* _Problem statement_
Restate the listing below word for word; no picture is to be carried over.

* _Source material_
━━━━━━━━

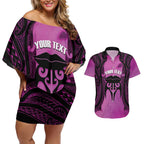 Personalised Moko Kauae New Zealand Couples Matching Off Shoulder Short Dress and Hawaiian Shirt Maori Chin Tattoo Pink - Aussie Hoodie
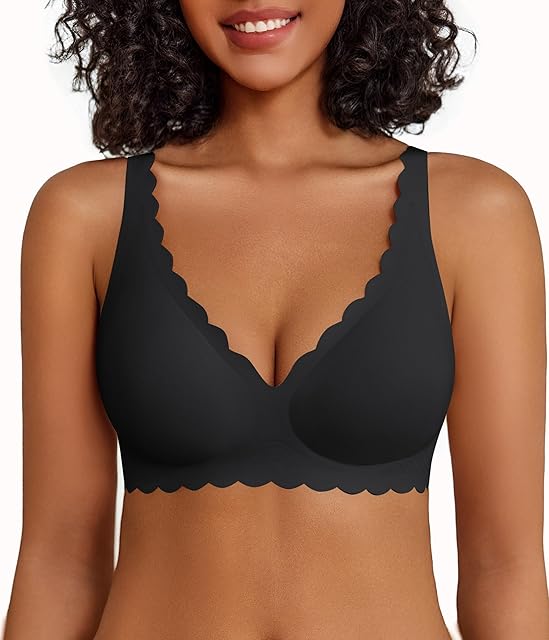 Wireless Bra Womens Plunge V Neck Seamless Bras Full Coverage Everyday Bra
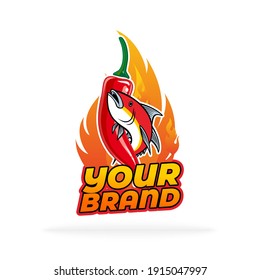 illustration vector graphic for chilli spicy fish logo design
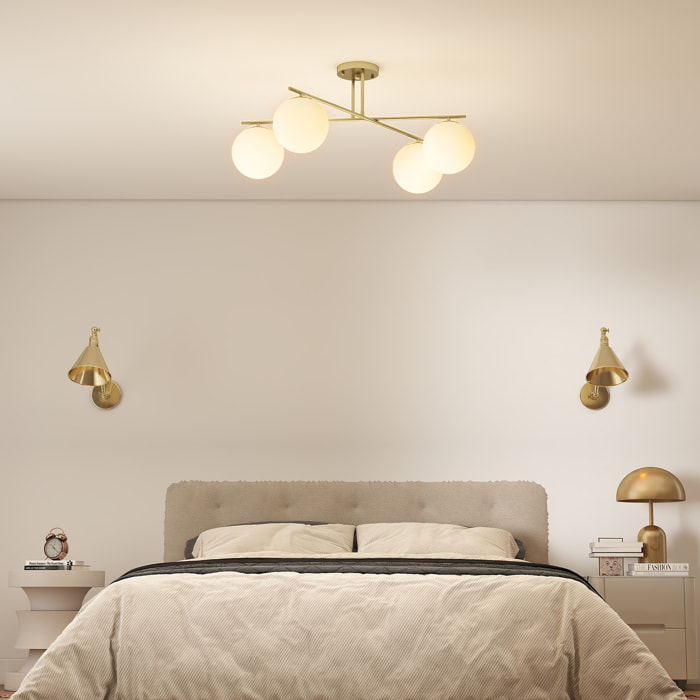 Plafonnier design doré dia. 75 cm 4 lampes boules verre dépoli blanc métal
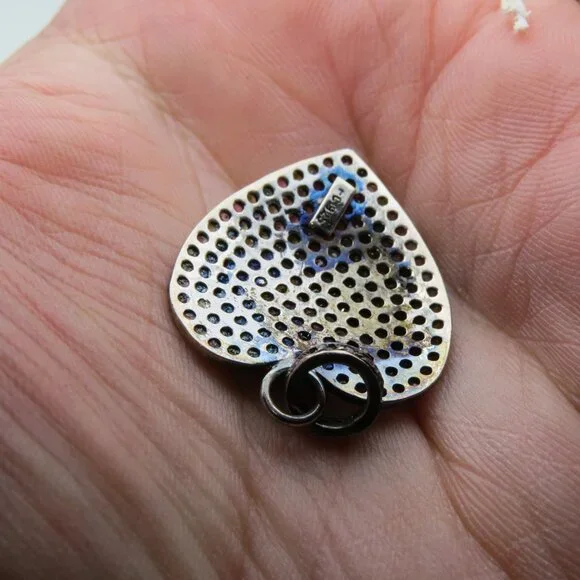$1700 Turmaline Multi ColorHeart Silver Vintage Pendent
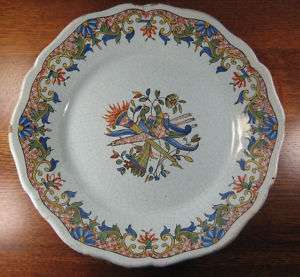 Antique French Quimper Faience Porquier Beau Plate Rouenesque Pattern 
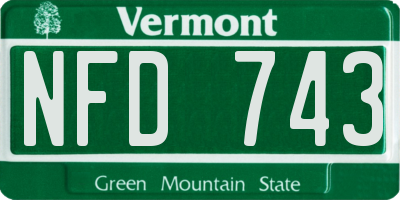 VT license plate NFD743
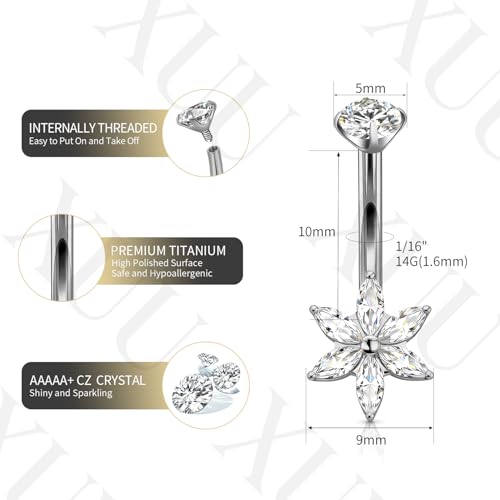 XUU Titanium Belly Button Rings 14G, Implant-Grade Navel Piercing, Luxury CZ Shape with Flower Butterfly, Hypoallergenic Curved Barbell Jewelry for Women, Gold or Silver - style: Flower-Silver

━━━━━━━━

* _Your solution_
 Personalised Moko Kauae New Zealand Couples Matching Off Shoulder Short Dress and Hawaiian Shirt Maori Chin Tattoo Pink - Aussie Hoodie
 Wireless Bra Womens Plunge V Neck Seamless Bras Full Coverage Everyday Bra
 illustration vector graphic for chilli spicy fish logo design
 Plafonnier design doré dia. 75 cm 4 lampes boules verre dépoli blanc métal
$1700 Turmaline Multi ColorHeart Silver Vintage Pendent
 Antique French Quimper Faience Porquier Beau Plate Rouenesque Pattern 
 VT license plate NFD743
 XUU Titanium Belly Button Rings 14G, Implant-Grade Navel Piercing, Luxury CZ Shape with Flower Butterfly, Hypoallergenic Curved Barbell Jewelry for Women, Gold or Silver - style: Flower-Silver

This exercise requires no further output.